* [WORK TO BE COMPLETED]:
Restate every line of the material below word for word, skipping the images.

* [GIVEN MATERIAL]:
※

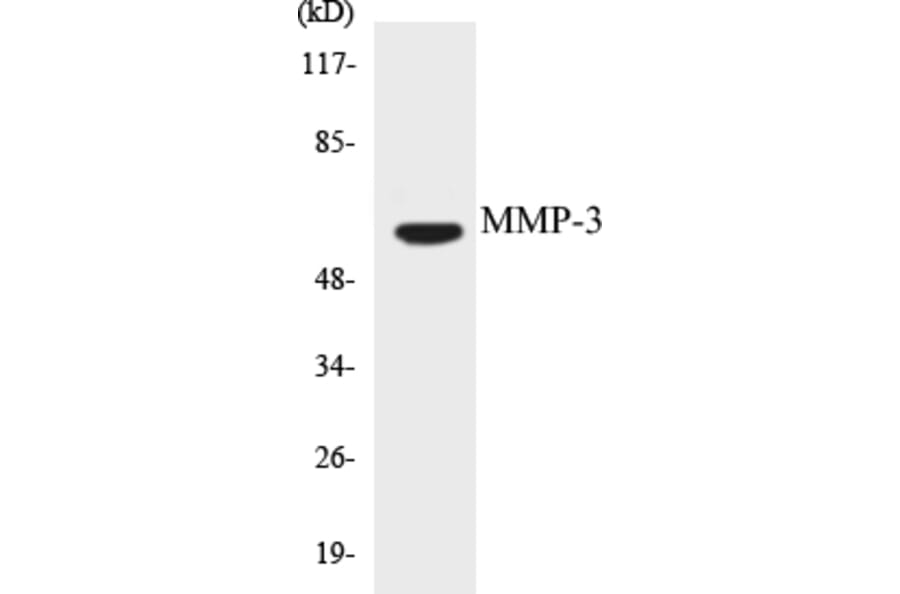 Western Blot - MMP-3 Cell Based ELISA Kit (CB5464) - Antibodies.com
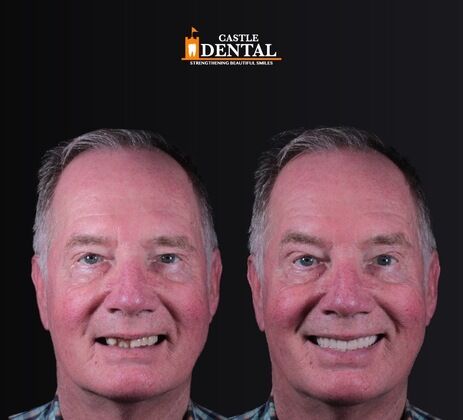 Removable Dentures Case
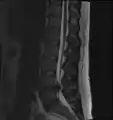 A rather severe herniation of the L4–L5 disc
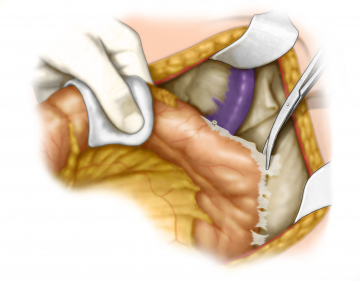 Freeing the sigmoid laterally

※

* [RESULT BELOW]:
 Western Blot - MMP-3 Cell Based ELISA Kit (CB5464) - Antibodies.com
 Removable Dentures Case
 A rather severe herniation of the L4–L5 disc
 Freeing the sigmoid laterally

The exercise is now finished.